Reler os Maias é sempre um prazer e um pouco
de tristeza. Prazer pela bela leitura que este romance proporciona e, um pouco
de tristeza por não ter o prazer de o ler pela primeira vez. Embora já o
tivesse lido há muitos anos, tinha na mente as principais passagens deste
magnífico romance. É claro, que atualmente apercebi-me de uma série de
situações, fundamentalmente críticas sociais, que quando o li na minha
juventude não tinham grande significado para mim. Muitos amigos dizem-me: eu
fui obrigado a ler isso na escola, mas não li o livro, só li o resumo. Não
sabem o que perderam. Não vou fazer um resumo do livro, pois já existem tantos,
vou só colocar alguns excertos que achei interessantes e que me tinham passado
despercebidos aquando da primeira leitura.
Achei interessante a abordagem no livro
sobre o ensino. Primeiro o questionar o excesso de carga horária e a utilização
de conteúdos que não têm utilidade. Depois a discussão na assembleia sobre a
inclusão das aulas de ginástica nas escolas a que o Conde Gouvarinho respondeu:
"Creia o digno par que nunca este país retomará o seu lugar à testa da
civilização, se, nos liceus, nos colégios, nos estabelecimentos de instrução,
nós outros os legisladores formos, com mão ímpia, substituir a cruz pelo
trapézio".
Chamou-me também à atenção a referência às
instituições de proteção dos animais que já se faziam ouvir na Europa do seculo
XIX. Também nesta situação Portugal não acompanhava o pensamento dos países
mais evoluídos. Defendia- se que em vez de corridas com cavalos era mais
importante uma boa tourada.
“... Pois é
verdade, tenho esse fraco português, prefiro toiros. Cada raça possui o seu
sport próprio, e o nosso é o toiro: o toiro com muito sol, ar de dia santo,
água fresca e foguetes... Mas sabe o Sr. Salcede qual a vantagem da tourada? É
ser uma grande escola de força, de coragem e de destreza... Em Portugal não há
instituição que tenha importância igual à tourada de curiosos. E acredite uma
coisa: é que se nesta triste geração moderna ainda há em Lisboa uns rapazes com
um certo músculo, a espinha direita, e capazes de dar um bom soco, deve-se isso
ao toiro e à tourada de curiosos...O marquês entusiasmadíssimo bateu palmas.

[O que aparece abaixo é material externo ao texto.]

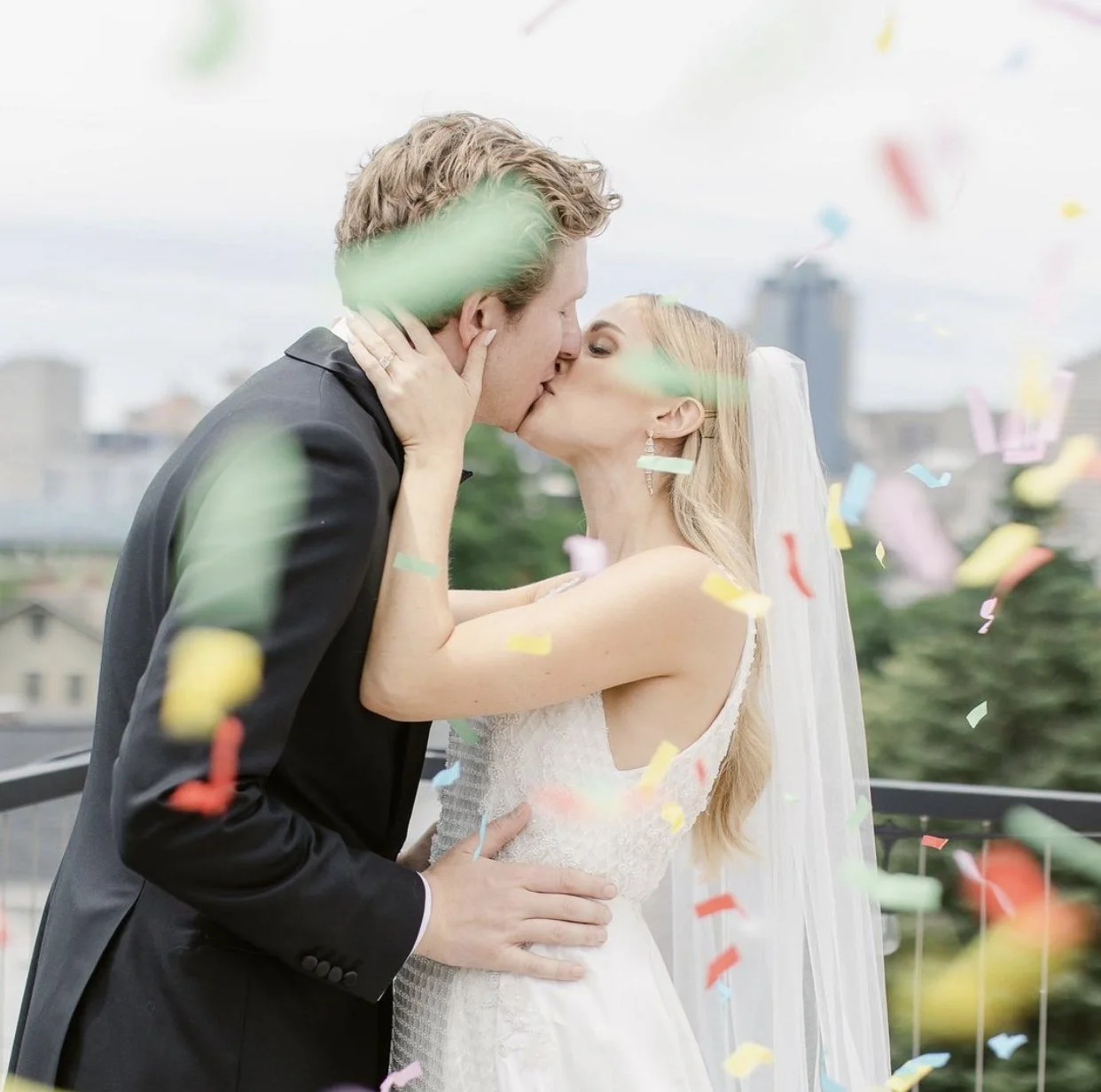 Bride and groom kissing at a wedding with colorful confetti.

Aquilo é que era falar! Aquilo é que era dar a filosofia do toiro! Está claro
que a tourada era uma grande educação física! E ainda havia uns imbecis que
falavam em acabar com os toiros! Oh! Estúpidos, acabais então com a coragem
portuguesa! (…) O quê, o toiro? Está claro! O toiro devia ser neste país como o
ensino é lá fora: gratuito e obrigatório”.

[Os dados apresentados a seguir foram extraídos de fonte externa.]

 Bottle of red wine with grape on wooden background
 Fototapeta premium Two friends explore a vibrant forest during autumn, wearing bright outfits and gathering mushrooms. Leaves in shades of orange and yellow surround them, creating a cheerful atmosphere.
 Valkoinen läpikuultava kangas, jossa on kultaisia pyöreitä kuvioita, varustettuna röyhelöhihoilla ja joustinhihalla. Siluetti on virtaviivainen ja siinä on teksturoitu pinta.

Outras frases e referencias de grande
encanto podemos encontrar neste livro.
“ – Falhamos
na vida, menino! – Creio que sim…Mas todo o mundo mais ou menos a falha. Isto
é, falha-se sempre na realidade aquela vida que se planeou com a imaginação”
“É
extraordinário! Neste abençoado país todos os políticos têm «imenso talento»
……..Um país governado «com imenso talento», que é de todos na Europa, segundo o
consenso unânime, o mais estupidamente governado !Eu proponho isto ,a ver: que,
como os talentos sempre falham, se experimentassem uma vez os imbecis”
...
uma senhora alta, loura, com um meio véu muito apertado e muito escuro que
realçava o esplendor de sua carnação ebúrnea. Craft e Carlos afastaram-se, ela
passou diante deles, com um passo soberano de deusa, maravilhosamente
bem-feita, deixando atrás de si como uma claridade, um reflexo de cabelos de
ouro, e um aroma no ar. Trazia um casaco colante de veludo branco de Gênova, e
um momento sobre as lajes do peristilo brilhou o verniz de suas botinas.
Para descrever tudo o que gostei, seriam
precisas muitas folhas, fico por aqui e dou um conselho a que ainda não leu que
leia e, quem já leu que releia, pois por certo que irá encontrar muitas coisas
que passaram despercebidas na primeira vez. E como não há duas sem tês, um dia
mais tarde por certo, vou voltar a lê-lo.